- Experimental API, meaning there is no production usecase on this yet.
- Basic Benchmarking has been performed to validate throughputs
- Aerospike Spark Connector(Aerospark) is used to read data directly into a DataFrame (https://github.com/sasha-polev/aerospark)
- The reason for choosing Aerospark over Java client for read is explained below:
- Aerospark : Read data directly into a DataFrame
- Native Java Client : Driver program has to first collect all records from the aerospike nodes and then create a dataFrame which is a costly operation.
- Aerospike Native Java Client Put API is used.
- For each partition of the Dataframe a client connection is established, to write data from that partition to Aerospike.
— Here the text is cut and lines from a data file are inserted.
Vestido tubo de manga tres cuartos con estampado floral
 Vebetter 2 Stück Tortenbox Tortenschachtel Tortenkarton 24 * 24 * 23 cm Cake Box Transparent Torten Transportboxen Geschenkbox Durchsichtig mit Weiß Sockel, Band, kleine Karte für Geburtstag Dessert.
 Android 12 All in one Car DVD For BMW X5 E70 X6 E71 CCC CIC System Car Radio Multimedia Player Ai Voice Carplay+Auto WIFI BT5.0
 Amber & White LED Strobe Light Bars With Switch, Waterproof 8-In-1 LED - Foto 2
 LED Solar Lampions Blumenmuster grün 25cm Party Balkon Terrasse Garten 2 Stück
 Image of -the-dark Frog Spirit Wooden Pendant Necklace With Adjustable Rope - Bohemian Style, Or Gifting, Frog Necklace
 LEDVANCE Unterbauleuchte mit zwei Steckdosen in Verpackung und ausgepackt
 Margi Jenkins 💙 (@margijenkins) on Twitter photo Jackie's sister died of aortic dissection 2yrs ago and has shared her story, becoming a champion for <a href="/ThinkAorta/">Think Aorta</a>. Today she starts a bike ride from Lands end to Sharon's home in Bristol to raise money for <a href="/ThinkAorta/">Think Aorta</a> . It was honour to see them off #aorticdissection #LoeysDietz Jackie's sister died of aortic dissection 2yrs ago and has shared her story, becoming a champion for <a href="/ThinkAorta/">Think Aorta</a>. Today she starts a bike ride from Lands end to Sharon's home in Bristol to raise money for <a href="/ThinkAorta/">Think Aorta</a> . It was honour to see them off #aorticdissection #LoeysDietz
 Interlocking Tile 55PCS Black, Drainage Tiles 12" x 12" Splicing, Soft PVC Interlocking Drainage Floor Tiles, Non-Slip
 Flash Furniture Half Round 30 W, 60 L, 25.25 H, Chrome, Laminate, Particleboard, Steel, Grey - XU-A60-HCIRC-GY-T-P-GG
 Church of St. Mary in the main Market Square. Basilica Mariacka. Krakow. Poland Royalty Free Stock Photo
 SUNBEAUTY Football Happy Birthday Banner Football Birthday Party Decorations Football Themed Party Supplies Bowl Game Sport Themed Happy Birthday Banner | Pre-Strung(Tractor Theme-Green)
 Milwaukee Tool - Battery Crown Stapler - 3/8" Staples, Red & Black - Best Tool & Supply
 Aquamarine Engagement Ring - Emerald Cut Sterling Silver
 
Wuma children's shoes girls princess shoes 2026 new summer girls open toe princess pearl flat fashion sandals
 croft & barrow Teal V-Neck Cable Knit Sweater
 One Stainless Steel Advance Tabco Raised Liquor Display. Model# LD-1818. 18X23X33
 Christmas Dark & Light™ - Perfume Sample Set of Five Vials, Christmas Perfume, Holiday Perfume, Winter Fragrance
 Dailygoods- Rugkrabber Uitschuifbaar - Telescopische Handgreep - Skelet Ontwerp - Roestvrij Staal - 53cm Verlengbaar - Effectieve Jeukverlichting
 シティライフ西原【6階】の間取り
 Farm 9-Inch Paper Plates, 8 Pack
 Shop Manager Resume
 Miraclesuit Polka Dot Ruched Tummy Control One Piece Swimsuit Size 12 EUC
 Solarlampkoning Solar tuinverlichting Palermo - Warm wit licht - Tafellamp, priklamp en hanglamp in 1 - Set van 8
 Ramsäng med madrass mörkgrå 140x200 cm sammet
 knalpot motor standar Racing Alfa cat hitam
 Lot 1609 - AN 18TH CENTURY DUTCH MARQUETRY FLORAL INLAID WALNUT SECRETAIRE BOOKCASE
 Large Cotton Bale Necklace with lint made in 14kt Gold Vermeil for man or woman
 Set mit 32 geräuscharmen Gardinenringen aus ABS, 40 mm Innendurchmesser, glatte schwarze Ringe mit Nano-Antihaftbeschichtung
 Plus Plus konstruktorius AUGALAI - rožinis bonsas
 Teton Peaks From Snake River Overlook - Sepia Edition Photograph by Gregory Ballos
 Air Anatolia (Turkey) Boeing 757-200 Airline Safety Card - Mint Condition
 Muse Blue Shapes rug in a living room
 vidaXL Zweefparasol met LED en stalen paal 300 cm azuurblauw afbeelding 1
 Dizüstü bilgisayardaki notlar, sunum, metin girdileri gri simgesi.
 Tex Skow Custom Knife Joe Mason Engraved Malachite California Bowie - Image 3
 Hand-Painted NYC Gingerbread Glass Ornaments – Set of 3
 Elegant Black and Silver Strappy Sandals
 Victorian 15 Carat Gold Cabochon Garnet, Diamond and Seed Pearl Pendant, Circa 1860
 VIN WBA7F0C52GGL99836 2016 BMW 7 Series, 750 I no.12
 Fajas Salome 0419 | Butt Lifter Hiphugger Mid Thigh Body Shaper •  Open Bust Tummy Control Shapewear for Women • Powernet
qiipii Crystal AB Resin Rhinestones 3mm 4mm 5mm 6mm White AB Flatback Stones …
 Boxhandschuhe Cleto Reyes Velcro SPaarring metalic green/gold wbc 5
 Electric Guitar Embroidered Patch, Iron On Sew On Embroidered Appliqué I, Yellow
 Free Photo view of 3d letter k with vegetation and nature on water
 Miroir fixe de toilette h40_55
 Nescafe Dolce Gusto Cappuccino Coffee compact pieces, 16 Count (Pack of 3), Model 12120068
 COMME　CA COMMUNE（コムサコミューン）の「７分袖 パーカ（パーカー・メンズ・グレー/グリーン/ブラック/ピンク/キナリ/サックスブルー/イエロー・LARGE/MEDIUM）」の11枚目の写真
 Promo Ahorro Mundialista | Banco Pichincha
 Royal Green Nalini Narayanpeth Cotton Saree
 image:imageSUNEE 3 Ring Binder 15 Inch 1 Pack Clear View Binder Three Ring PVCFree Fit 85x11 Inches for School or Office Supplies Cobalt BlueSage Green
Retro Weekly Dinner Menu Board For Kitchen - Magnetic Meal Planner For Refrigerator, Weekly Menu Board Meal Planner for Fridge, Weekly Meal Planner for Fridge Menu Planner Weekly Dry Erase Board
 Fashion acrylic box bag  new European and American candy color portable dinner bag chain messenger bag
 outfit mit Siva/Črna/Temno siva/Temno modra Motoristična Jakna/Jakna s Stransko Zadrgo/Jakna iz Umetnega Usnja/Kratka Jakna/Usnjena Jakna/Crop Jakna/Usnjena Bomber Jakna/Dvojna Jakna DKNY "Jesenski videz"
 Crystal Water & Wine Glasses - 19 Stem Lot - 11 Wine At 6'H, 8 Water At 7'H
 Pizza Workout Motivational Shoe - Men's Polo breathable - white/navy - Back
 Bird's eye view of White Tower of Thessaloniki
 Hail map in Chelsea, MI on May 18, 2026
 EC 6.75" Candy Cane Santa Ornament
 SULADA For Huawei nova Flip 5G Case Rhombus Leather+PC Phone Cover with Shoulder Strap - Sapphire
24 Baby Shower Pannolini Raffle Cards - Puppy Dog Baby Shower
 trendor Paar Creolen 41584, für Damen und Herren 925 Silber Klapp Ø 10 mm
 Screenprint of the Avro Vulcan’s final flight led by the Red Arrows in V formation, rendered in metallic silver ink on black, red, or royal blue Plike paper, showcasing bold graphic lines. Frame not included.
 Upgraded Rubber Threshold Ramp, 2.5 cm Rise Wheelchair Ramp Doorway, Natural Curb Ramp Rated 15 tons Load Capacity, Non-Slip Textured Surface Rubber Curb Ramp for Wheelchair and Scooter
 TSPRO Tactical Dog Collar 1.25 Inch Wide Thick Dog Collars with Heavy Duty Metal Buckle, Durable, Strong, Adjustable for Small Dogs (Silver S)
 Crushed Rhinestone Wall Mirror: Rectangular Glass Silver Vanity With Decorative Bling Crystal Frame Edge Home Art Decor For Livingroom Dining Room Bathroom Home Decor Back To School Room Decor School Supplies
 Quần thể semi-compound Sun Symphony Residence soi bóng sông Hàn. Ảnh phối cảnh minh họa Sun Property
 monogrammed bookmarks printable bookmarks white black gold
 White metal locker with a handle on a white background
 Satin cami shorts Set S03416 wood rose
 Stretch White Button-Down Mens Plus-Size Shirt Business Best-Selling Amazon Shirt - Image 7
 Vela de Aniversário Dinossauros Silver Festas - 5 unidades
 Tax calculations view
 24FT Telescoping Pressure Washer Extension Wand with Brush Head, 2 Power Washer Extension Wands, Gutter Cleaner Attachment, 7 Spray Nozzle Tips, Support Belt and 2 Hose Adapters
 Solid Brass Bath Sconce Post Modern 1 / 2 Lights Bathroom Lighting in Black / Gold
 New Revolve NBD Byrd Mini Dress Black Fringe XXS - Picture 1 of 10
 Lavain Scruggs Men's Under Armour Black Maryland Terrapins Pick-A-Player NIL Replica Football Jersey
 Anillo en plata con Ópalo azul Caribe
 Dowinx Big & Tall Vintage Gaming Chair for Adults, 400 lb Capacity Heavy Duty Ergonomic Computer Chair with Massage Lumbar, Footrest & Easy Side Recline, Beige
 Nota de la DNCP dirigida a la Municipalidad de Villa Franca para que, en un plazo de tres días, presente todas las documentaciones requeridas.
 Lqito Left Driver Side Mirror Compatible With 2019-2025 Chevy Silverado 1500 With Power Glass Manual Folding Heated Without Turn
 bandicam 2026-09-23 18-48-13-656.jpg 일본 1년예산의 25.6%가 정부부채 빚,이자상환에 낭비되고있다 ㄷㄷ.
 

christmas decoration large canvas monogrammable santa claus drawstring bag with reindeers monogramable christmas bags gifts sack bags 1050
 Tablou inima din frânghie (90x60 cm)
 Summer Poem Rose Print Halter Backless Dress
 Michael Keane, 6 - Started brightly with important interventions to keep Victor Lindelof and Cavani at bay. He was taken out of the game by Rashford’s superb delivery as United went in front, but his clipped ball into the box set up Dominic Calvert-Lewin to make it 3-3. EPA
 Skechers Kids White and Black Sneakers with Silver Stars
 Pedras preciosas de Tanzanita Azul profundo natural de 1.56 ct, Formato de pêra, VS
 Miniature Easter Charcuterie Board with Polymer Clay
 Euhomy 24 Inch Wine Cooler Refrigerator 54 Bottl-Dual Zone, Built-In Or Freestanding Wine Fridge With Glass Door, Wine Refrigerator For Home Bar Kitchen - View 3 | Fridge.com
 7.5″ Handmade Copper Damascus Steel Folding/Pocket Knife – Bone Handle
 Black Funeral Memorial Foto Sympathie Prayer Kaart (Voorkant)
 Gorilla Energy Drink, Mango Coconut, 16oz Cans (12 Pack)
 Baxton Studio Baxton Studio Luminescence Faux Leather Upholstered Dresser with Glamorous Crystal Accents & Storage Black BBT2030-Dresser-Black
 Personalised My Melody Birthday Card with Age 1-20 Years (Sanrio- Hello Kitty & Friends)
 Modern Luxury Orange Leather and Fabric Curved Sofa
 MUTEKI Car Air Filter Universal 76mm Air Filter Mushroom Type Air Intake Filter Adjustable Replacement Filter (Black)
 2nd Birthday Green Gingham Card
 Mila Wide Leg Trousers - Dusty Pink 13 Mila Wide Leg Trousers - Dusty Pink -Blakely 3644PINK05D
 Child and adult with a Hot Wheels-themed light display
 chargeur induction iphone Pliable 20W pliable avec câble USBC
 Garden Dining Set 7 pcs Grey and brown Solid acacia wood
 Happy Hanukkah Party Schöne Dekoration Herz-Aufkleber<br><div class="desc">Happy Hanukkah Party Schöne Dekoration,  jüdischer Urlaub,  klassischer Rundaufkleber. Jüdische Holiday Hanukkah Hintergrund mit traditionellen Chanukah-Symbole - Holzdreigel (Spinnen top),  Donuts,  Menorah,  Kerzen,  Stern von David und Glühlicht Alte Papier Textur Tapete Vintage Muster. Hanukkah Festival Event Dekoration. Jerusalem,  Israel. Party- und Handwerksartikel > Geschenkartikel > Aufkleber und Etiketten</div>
The following hive table points to a Aerospike
CREATE EXTERNAL TABLE `pcatalog.test_aero`(
`payload` string)
LOCATION
'hdfs://tmp/test_aero'
TBLPROPERTIES (
'gimel.aerospike.namespace'='test',
'gimel.aerospike.port'='3000',
'gimel.aerospike.seedhost'='hostname',
'gimel.aerospike.set'='test_aero_connector',
'gimel.storage.type'='AEROSPIKE')
Property | Mandatory? | Description | Example | Default |
---|---|---|---|---|
gimel.aerospike.seed.hosts | Y | list of hosts fqdn or ip | localhost | |
gimel.aerospike.port | Y | port | 3000 | 3000 |
gimel.aerospike.namespace | Y | the namespace in aerospike | test | |
gimel.aerospike.set | Y | aerospike set name | sample_set | |
gimel.aerospike.rowkey | N | the row key for the set | col1 | first column in dataframe |
import com.paypal.gimel._
import org.apache.spark._
import org.apache.spark.rdd.RDD;
import org.apache.spark.sql._
import spray.json._;
import spray.json.DefaultJsonProtocol._;
// READ
val dataSet = DataSet(sparkSession);
val df = dataSet.read("pcatalog.test_aero")
// WRITE
// Create mock data
def stringed(n: Int) = s"""{"id": ${n},"name": "MAC-${n}", "address": "MAC-${n+1}", "age": "${n+1}", "company": "MAC-${n}", "designation": "MAC-${n}", "salary": "${n * 10000}" }""";
val numberOfRows=20;
val texts: Seq[String] = (1 to numberOfRows).map { x => stringed(x) }.toSeq;
val rdd: RDD[String] = sparkSession.sparkContext.parallelize(texts);
val dataFrameToWrite: DataFrame = sparkSession.read.json(rdd);
dataFrameToWrite.show;
// write it to Aerospike via PCatalog
val df = dataSet.write("pcatalog.test_aero",dataFrameToWrite)